WHAT YOU ARE ASKED TO DO: Copy the data that follows, character for character, minus the pictures.

DATASET EXCERPTS:
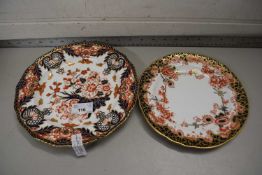 TWO CROWN DERBY IMARI DECORATED PLATES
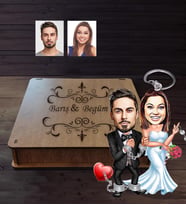 Kişiye Özel Gelin Damat Karikatürlü Ahşap Anahtarlık Kutulu  Mod-7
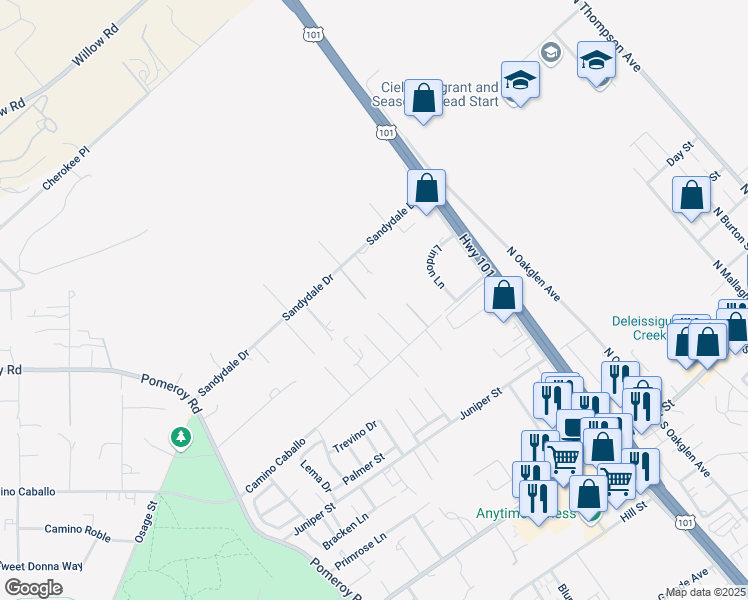map of restaurants, bars, coffee shops, grocery stores, and more near 637 Sandydale Drive in Nipomo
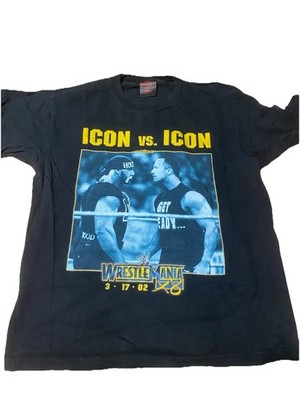 Vintage WWE WrestleMania X8 Icon vs Icon Large Black Wrestling Shirt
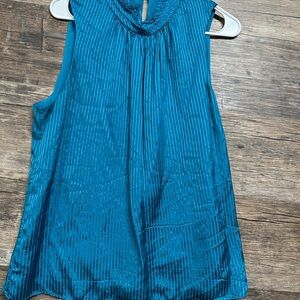 White House Black Market Blue Bib Collar Ribbed Blouse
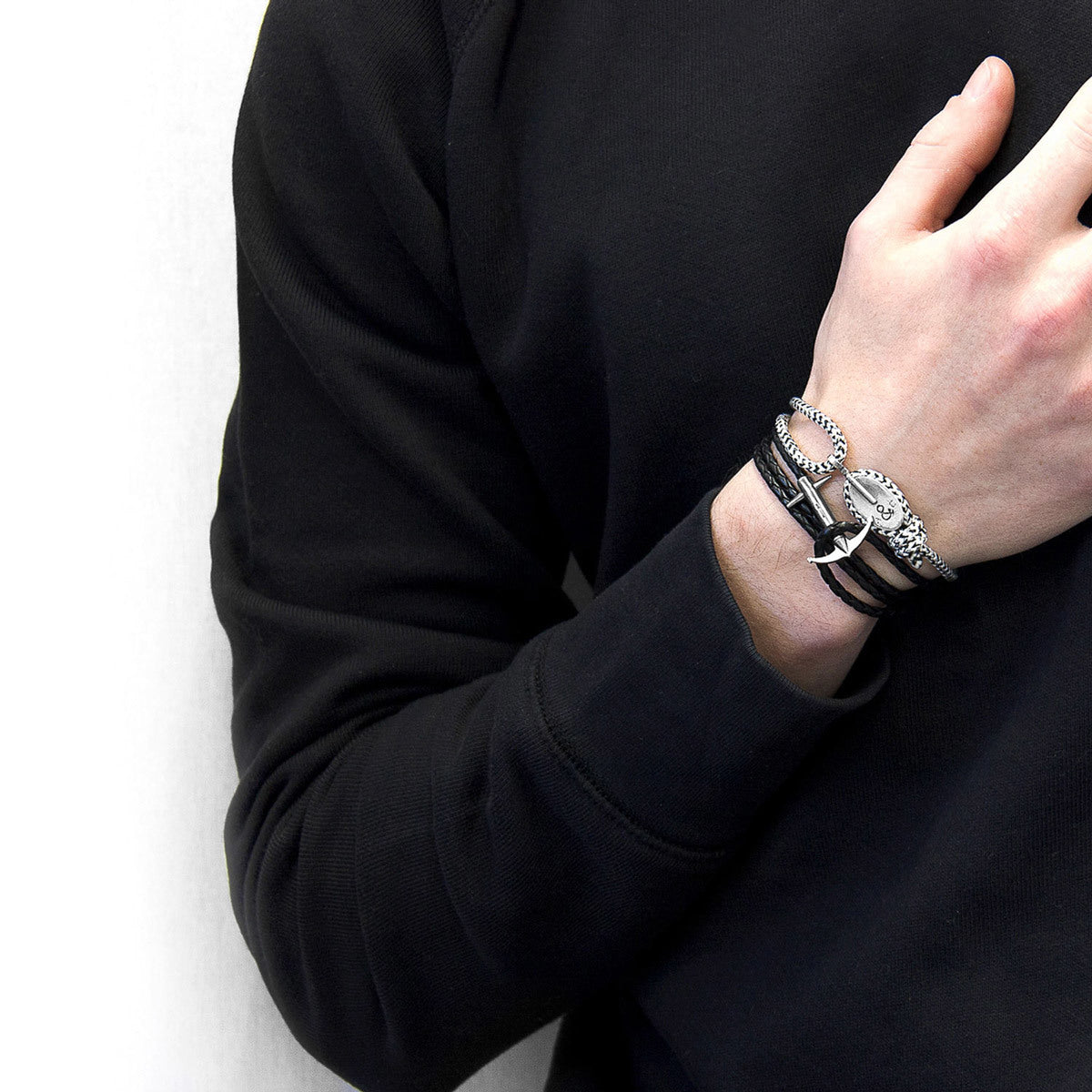 Coal Black Admiral Silver & Leather Bracelet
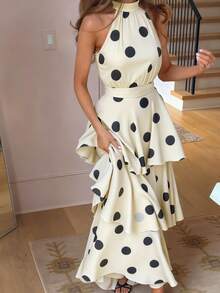 Women's Elegant Polka Dot Sleeveless Shirred Waist Layered Ruffled Dress, Bohemian Style, Spring/Summer - Champagne - View 1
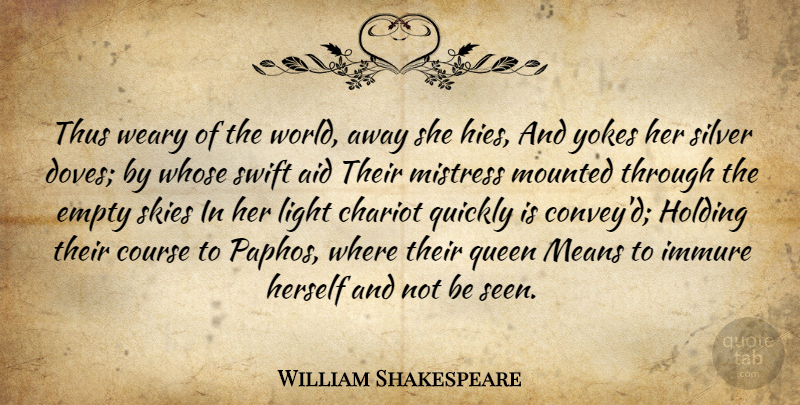 William Shakespeare Quote About Queens, Mean, Light: Thus Weary Of The World...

REPLY:
 TWO CROWN DERBY IMARI DECORATED PLATES
 Kişiye Özel Gelin Damat Karikatürlü Ahşap Anahtarlık Kutulu  Mod-7
map of restaurants, bars, coffee shops, grocery stores, and more near 637 Sandydale Drive in Nipomo
 Vintage WWE WrestleMania X8 Icon vs Icon Large Black Wrestling Shirt
 White House Black Market Blue Bib Collar Ribbed Blouse
 Coal Black Admiral Silver & Leather Bracelet
 Women's Elegant Polka Dot Sleeveless Shirred Waist Layered Ruffled Dress, Bohemian Style, Spring/Summer - Champagne - View 1
 William Shakespeare Quote About Queens, Mean, Light: Thus Weary Of The World...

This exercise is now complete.